## PROBLEM DETAILS
Beginning with the line that contains "12 Constellations Zodiac" and ending with the line that contains "ボホマルサラオータムフラワーズブライダルシャワーレシピ エンクロージャーカード (裏面)", reproduce the lines of the entries below exactly, omitting pictures.

## THE RECORDS
++++++++++++++++++++
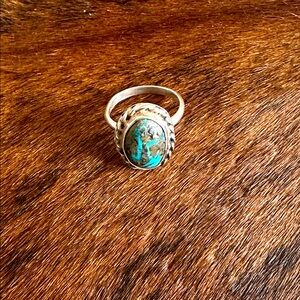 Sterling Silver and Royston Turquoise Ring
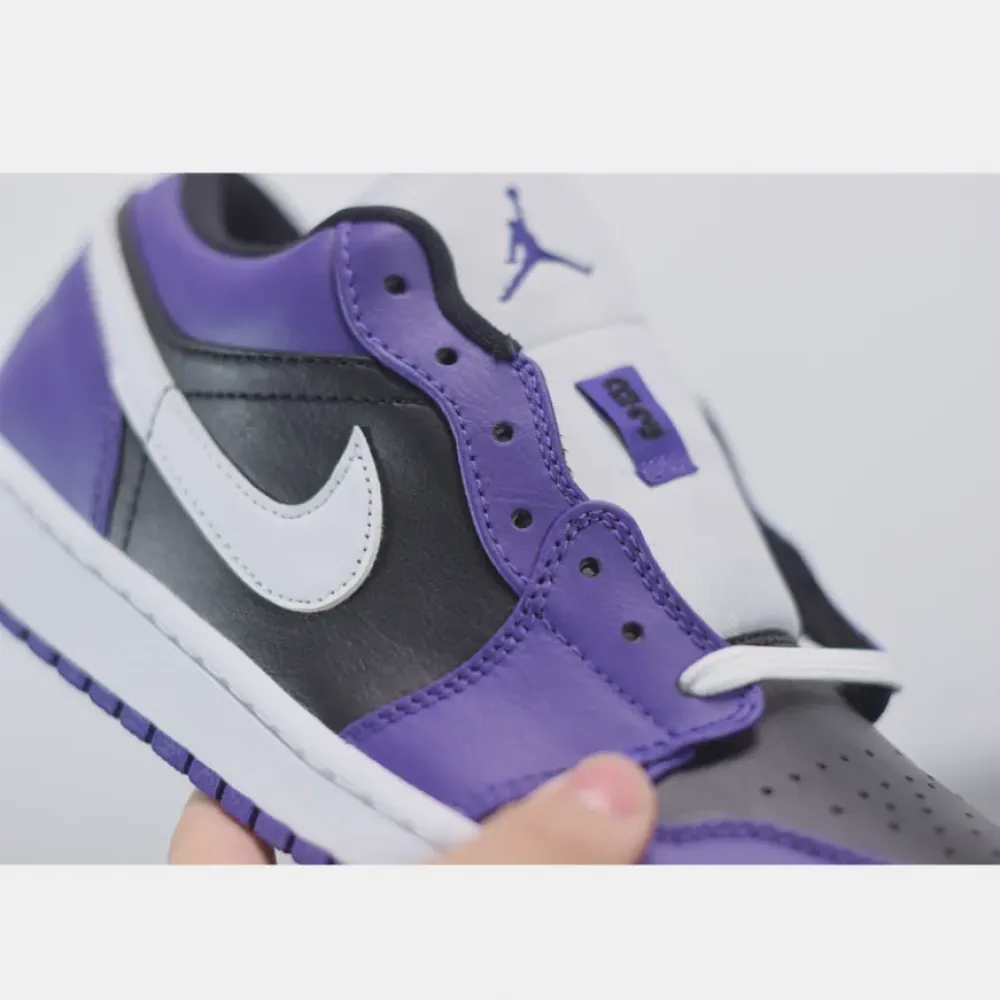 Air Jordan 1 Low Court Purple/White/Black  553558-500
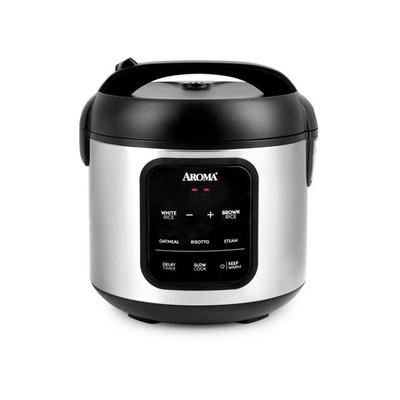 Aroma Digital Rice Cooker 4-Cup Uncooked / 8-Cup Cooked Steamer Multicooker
++++++++++++++++++++
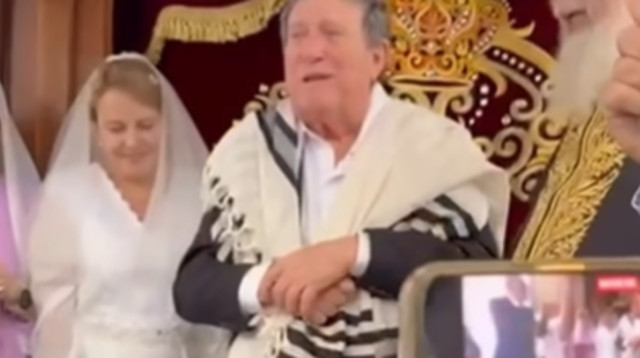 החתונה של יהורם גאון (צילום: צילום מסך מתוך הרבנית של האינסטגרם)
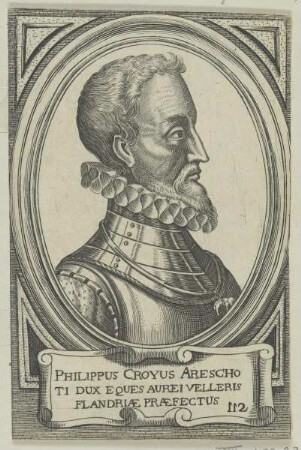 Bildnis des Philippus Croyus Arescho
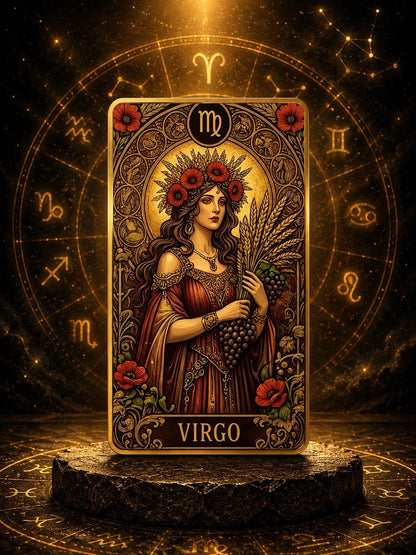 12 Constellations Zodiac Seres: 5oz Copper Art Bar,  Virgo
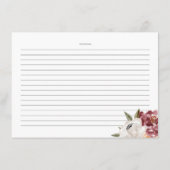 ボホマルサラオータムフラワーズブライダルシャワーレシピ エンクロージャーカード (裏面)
++++++++++++++++++++
## SOLUTION
 12 Constellations Zodiac Seres: 5oz Copper Art Bar,  Virgo
 ボホマルサラオータムフラワーズブライダルシャワーレシピ エンクロージャーカード (裏面)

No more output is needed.